- Theatrical release poster
- Directed by: James Ponsoldt
- Written by: James Ponsoldt; Benjamin Percy;
- Produced by: P. Jennifer Dana; Peter Block; James Ponsoldt;
- Starring: Lia Barnett; Lake Bell; Sarah Cooper; Ashley Madekwe; Madalen Mills; Megan Mullally; Eden Grace Redfield; Sanai Victoria;
- Cinematography: Greta Zozula
- Edited by: Darrin Navarro
- Music by: Drum & Lace
- Production companies: 3311 Productions; 1978 Films; A Bigger Boat; City Boy Hands;
- Distributed by: Bleecker Street (North America); Stage 6 Films (International);
- Release dates: January 22, 2022 (Sundance); August 12, 2022 (United States);
- Running time: 87 minutes
- Country: United States
- Language: English
- Box office: $64,369

= Summering =

Summering is a 2022 American coming-of-age drama film co-written, directed, and produced by James Ponsoldt. It stars Lia Barnett, Lake Bell, Sarah Cooper, Ashley Madekwe, Madalen Mills, Megan Mullally, Eden Grace Redfield, and Sanai Victoria. It was released on August 12, 2022, by Bleecker Street.

==Plot summary==
The weekend prior to the beginning of middle school, which are the last days of their childhood and summer, four girls struggling with the harsh reality of growing up find themselves embarking on a mysterious adventure.

==Release==
In August 2021, it was announced that Bleecker Street and Stage 6 Films have acquired American and international distribution rights to the film respectively.

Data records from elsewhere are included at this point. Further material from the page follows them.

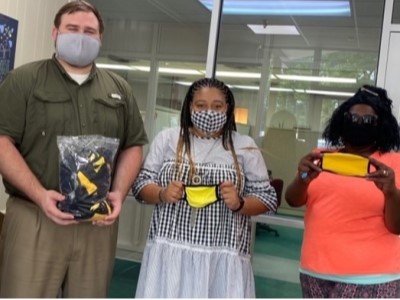 Group photo of people holding face masks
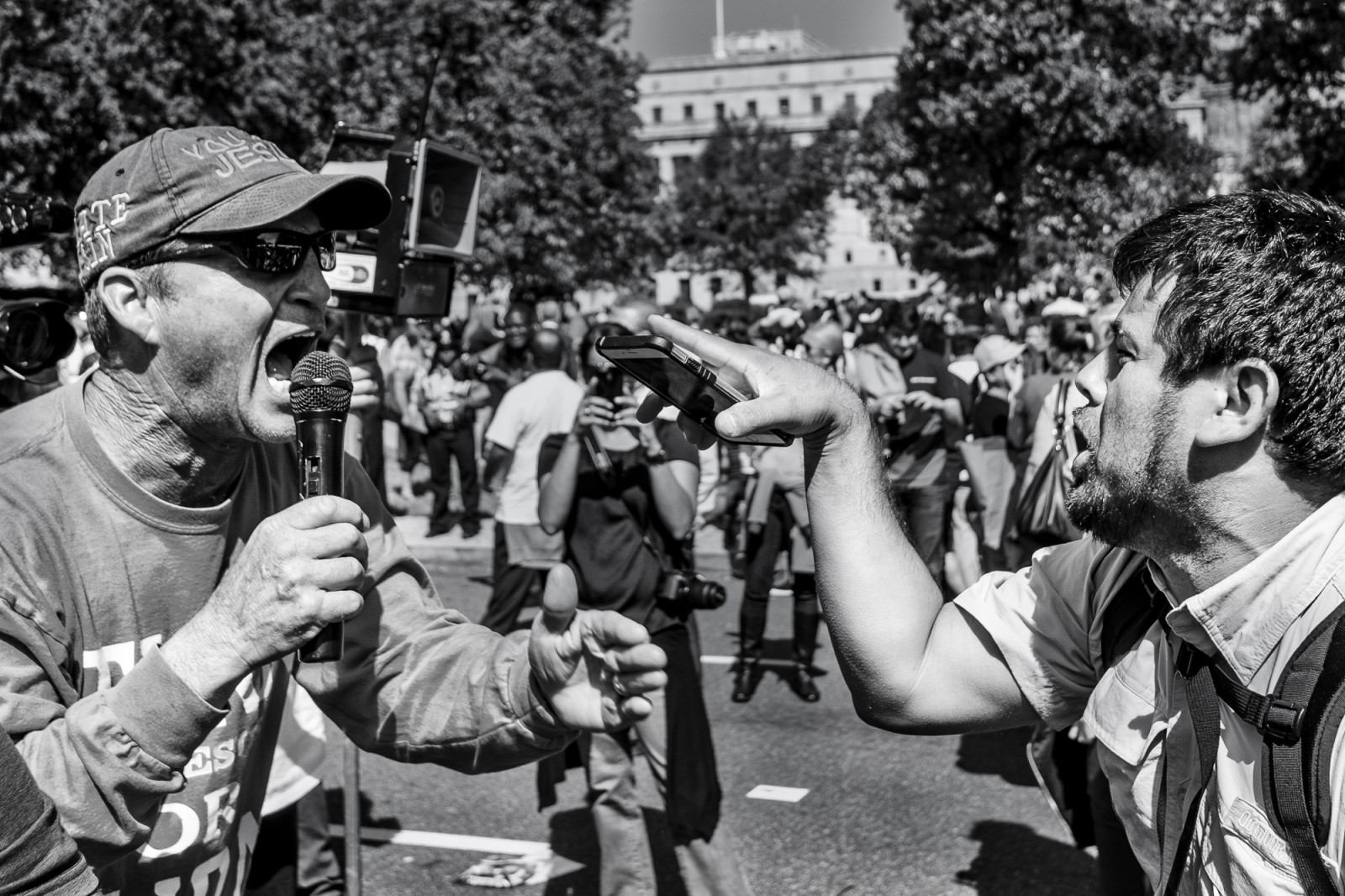 A man from the Los Angeles chapter of Bible Believers (left) and an fan of Pope Francis clash in a war of words following a short parade where Pope Francis was driven on the streets around the Ellipse, south of the White House in Washington, District of Columbia, U.S., on Wednesday, Sept. 23, 2015.  Credit: Pete Marovich/Bloomberg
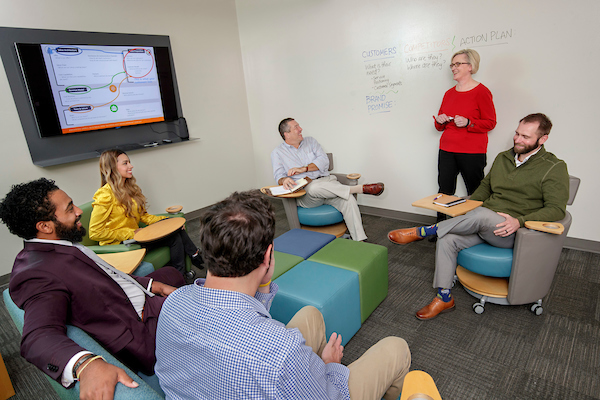 State Director Laura Fine leads a team meeting at the Arkansas Small Business and Technology Development Center at UA Little Rock. Photo by Ben Krain.
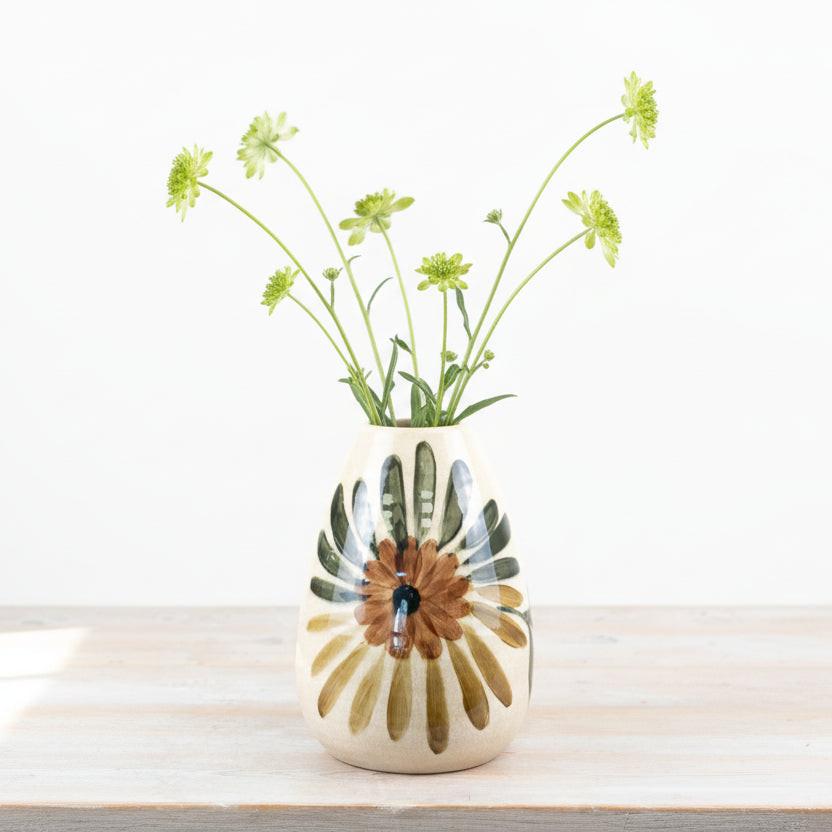 Ceramic vase with floral design on a wooden surface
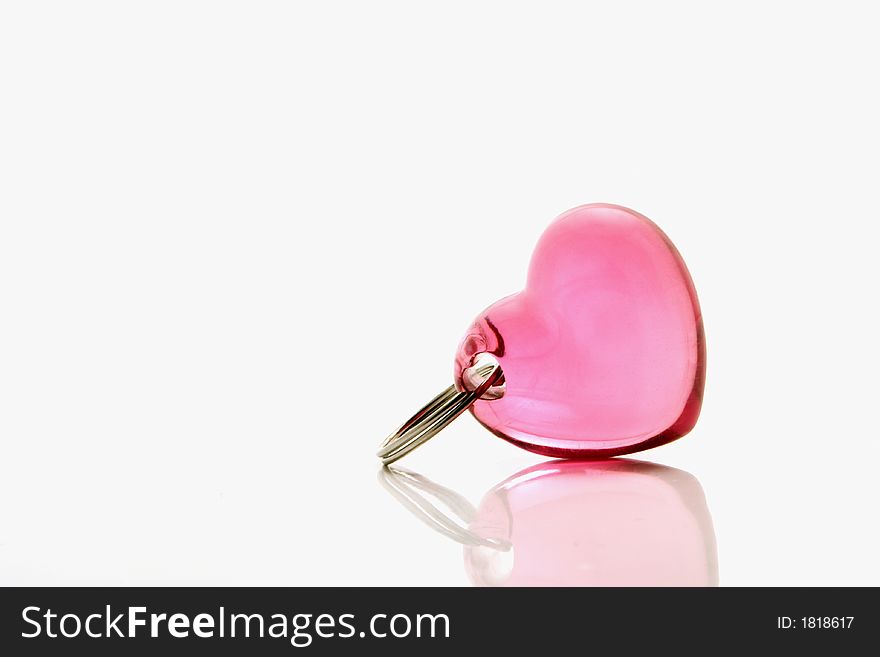 Pink heart shape key-ring over white background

The film premiered at the Sundance Film Festival on January 22, 2022. It was originally scheduled to be released on July 15, 2022 and it was delayed by August 12, 2022.

==Reception==
The film has a 34% approval rating on Rotten Tomatoes based on 68 reviews, with an average rating of 4.8/10. The website's critics consensus reads: "Summering is a harmless enough coming-of-age story, but there are far superior -- and far less saccharine -- entries in this crowded genre." Metacritic rated the film a 50 out of 100 based on 17 critic reviews, indicating "mixed or average reviews".

Pete Hammond of Deadline Hollywood gave the film a positive review and wrote, "There are things to talk about after the movie ends. And it doesn’t ever talk down to its intended audience. If anything, the adults are the ones desperately in need of connecting with their inner kid." Fred Topel of United Press International also gave the film a positive review and wrote, "Summering is like a female Amblin movie."

Guy Lodge of Variety gave the film a negative review and wrote, "Too much of Summering, however, plays out in an unsatisfying middle ground: embedded neither in real life, nor in its heroines’ restless, malleable imaginations." Angie Han of The Hollywood Reporter also gave the film a negative review and wrote, "But alas, its potential for magic is dulled by uneven performances, unconvincing chemistry and an uninspiring script." Natalia Winkelman of IndieWire graded the film a C− and wrote, "As is, Summering is too scattered and silly for us to really care."